==== Data block

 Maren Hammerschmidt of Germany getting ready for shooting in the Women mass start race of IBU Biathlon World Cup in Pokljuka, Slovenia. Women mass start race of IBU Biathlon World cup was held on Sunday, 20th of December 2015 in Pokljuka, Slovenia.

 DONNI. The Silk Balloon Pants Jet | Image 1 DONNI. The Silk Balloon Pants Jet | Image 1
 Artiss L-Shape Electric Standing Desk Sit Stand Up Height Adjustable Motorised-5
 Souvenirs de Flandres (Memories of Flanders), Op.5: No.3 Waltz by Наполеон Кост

========

To do: Please copy the material exactly, line for line.

Task solution:
 Maren Hammerschmidt of Germany getting ready for shooting in the Women mass start race of IBU Biathlon World Cup in Pokljuka, Slovenia. Women mass start race of IBU Biathlon World cup was held on Sunday, 20th of December 2015 in Pokljuka, Slovenia.

 DONNI. The Silk Balloon Pants Jet | Image 1 DONNI. The Silk Balloon Pants Jet | Image 1
 Artiss L-Shape Electric Standing Desk Sit Stand Up Height Adjustable Motorised-5
 Souvenirs de Flandres (Memories of Flanders), Op.5: No.3 Waltz by Наполеон Кост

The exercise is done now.